Washington State Wants to Abolish the “Outdated and Costly” Death Penalty

by Amna El Tawil
Washington state legislators said they would introduce new measures in a bid to abolish the death penalty. While almost the entire US sees the never-ending disputes between Democrats and Republicans regarding all major issues, in this state, both parties want the same.
 
According to the Hill, attorney General Bob Ferguson (D) and Republicans and Democrats from both chambers of the state legislature said capital punishment had become too costly, and that there is little evidence that the death penalty deters any crimes. State Sen. Mark Miloscia (R) will introduce legislation in the Republican-led Senate, while state Rep. Tina Orwall (D) will carry the bill in the Democratic-led House.
 
State Sen. Maureen Walsh (R) said in a statement released by Ferguson’s office: “As a means of effective punishment, the death penalty is outdated.

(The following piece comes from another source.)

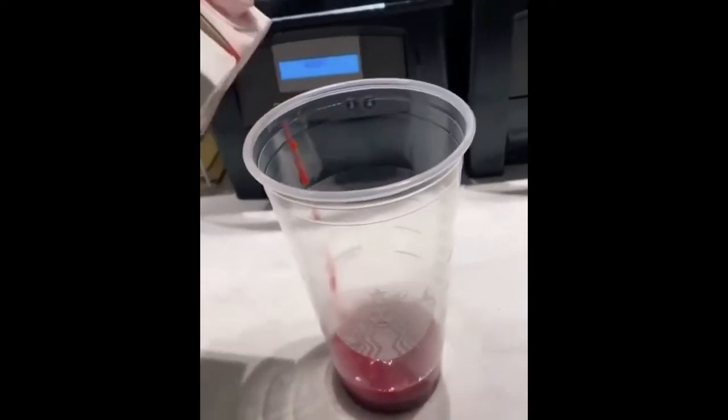Skittles frappuccino. Strawberry puree. Full milk to the first line. Four pumps of vanilla. One and a half pumps of raspberry. Cream base. Put it in the blender.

Not only is life-without-parole more cost-effective, it also offers the certainty that is an essential element of justice.”
 
The RT reports: “Washington State’s governor joined the state attorney general in an unusual bipartisan alliance to back legislation that would abolish the death penalty. They claim that capital punishment costs too much and doesn’t deter crime. The proposed bills would remove capital punishment as a sentencing option for aggravated murder, and mandate instead of a sentence of life in prison without the possibility of parole.”
 
Governor Jay Inslee (D) said during a news conference at the Capitol in Olympia, Washington: “Death penalty sentences are unequally applied in the state of Washington, they are frequently overturned and they are always costly. I could not in good conscience allow executions to continue under my watch as governor under these conditions.”
 
State attorney, Bob Ferguson said: “This issue transcends politics.”


 
In the case they do succeed in abolishing death penalty, Washington would be the 20th state in the nation to end the death penalty, 40 years after the U.S. Supreme Court allowed states to resume executions. In recent years, legislators in Connecticut, Maryland, Illinois and New Mexico have outlawed capital punishment. Nebraska’s state legislature ended the death penalty in 2015, though voters reinstated it through a ballot measure in November 2016.
However, the new law wouldn’t be retroactive i.e. it wouldn’t apply to nine prisoners who are, currently, on a death row in this state.
We’ll have to wait for a while to see what’s going to happen regarding the death penalty in Washington state. That said, what is your take on this subject? Are you pro- or anti-death penalty?